I need to process large gzip-compressed text files.
InputStream is = new GZIPInputStream(new FileInputStream(path));
BufferedReader br = new BufferedReader(new InputStreamReader(is));
String line;
while ((line = br.readLine()) != null) {
someComputation();
}
This code works if I don't do any long computations inside the loop (which I have to). But adding only a few milliseconds of sleep for each line causes the program to crash eventually with a java.util.zip.ZipException. The exception's message is different every time ("invalid literal/length code", "invalid block type", "invalid stored block lengths").
So, it seems that the stream becomes corrupted when I'm not reading it quickly enough.
I can unzip the files without any problems. I also tried GzipCompressorInputStream from Apache Commons Compress with the same result.
What is the problem here and how can it be solved?
update 1
I thought I had ruled this out, but doing more tests, I found that the problem is restricted to streaming files from the internet.
full example:
URL source = new URL(url);
HttpURLConnection connection = (HttpURLConnection) source.openConnection();
connection.setRequestMethod("GET");
connection.setRequestProperty("Accept", "gzip, deflate");
BufferedReader br = new BufferedReader(new InputStreamReader(new GZIPInputStream(connection.getInputStream())));
String line;
while ((line = br.readLine()) != null) { //exception is thrown here
Thread.sleep(5);
}
Interestingly, when I printed the line numbers, I found that it's always one of the same four or five different lines where my program crashes.
update 2
Here is a full example containing an actual file:
import java.io.BufferedInputStream;
import java.io.BufferedReader;
import java.io.IOException;
import java.io.InputStream;
import java.io.InputStreamReader;
import java.net.HttpURLConnection;
import java.net.URL;
import java.util.zip.GZIPInputStream;
public class TestGZIPStreaming {
public static void main(String[] args) throws IOException {
URL source = new URL("http://tools.wmflabs.org/wikidata-exports/rdf/exports/20151130/wikidata-statements.nt.gz");
HttpURLConnection connection = (HttpURLConnection) source.openConnection();
connection.setRequestMethod("GET");
connection.setRequestProperty("Accept", "gzip, deflate");
BufferedReader br = new BufferedReader(new InputStreamReader(new GZIPInputStream(connection.getInputStream())));
String line;
int n = 0;
while ((line = br.readLine()) != null) { //exception is thrown here
Thread.sleep(10);
System.out.println(++n);
}
}
}
For this file the crashes appear around line 90000.
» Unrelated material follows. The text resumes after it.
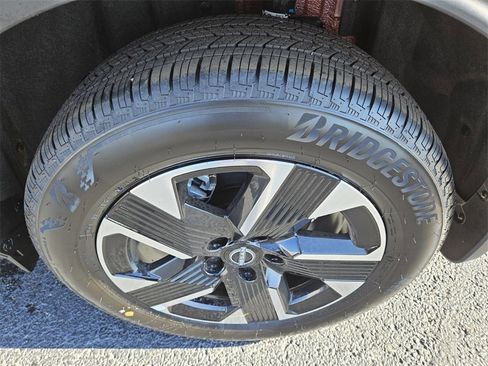 New 2026 Nissan Kicks SV image 8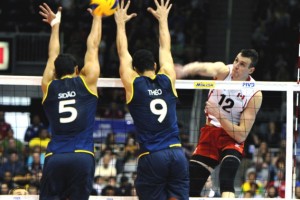 No vôlei Brasil sofre derrota para o time da casa No vôlei Brasil sofre derrota para o time da casa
To rule out a timeout problem I tried connection.setReadTimeout(0)
- with no effect.
It probably is a network issue. But since I can download the file in a browser, there has to be a way to deal with it.
update 3
I tried connecting using Apache HttpClient.
HttpClient client = HttpClients.createDefault();
HttpGet get = new HttpGet("http://tools.wmflabs.org/wikidata-exports/rdf/exports/20151130/wikidata-statements.nt.gz");
get.addHeader("Accept-Encoding", "gzip");
HttpResponse response = client.execute(get);
BufferedReader br = new BufferedReader(new InputStreamReader(new GZIPInputStream(new BufferedInputStream(response.getEntity().getContent()))));
Now I'm getting the following exception which is probably more helpful.
org.apache.http.ConnectionClosedException: Premature end of Content-Length delimited message body (expected: 3850131; received: 1581056
at org.apache.http.impl.io.ContentLengthInputStream.read(ContentLengthInputStream.java:180)
at org.apache.http.conn.EofSensorInputStream.read(EofSensorInputStream.java:137)
at java.io.BufferedInputStream.fill(BufferedInputStream.java:246)
at java.io.BufferedInputStream.read1(BufferedInputStream.java:286)
at java.io.BufferedInputStream.read(BufferedInputStream.java:345)
at java.util.zip.InflaterInputStream.fill(InflaterInputStream.java:238)
at java.util.zip.InflaterInputStream.read(InflaterInputStream.java:158)
at java.util.zip.GZIPInputStream.read(GZIPInputStream.java:117)
at sun.nio.cs.StreamDecoder.readBytes(StreamDecoder.java:284)
at sun.nio.cs.StreamDecoder.implRead(StreamDecoder.java:326)
at sun.nio.cs.StreamDecoder.read(StreamDecoder.java:178)
at java.io.InputStreamReader.read(InputStreamReader.java:184)
at java.io.BufferedReader.fill(BufferedReader.java:161)
at java.io.BufferedReader.readLine(BufferedReader.java:324)
at java.io.BufferedReader.readLine(BufferedReader.java:389)
Again, there has to be a way to handle the problem since I can download the file in a browser and decompress it without any problem.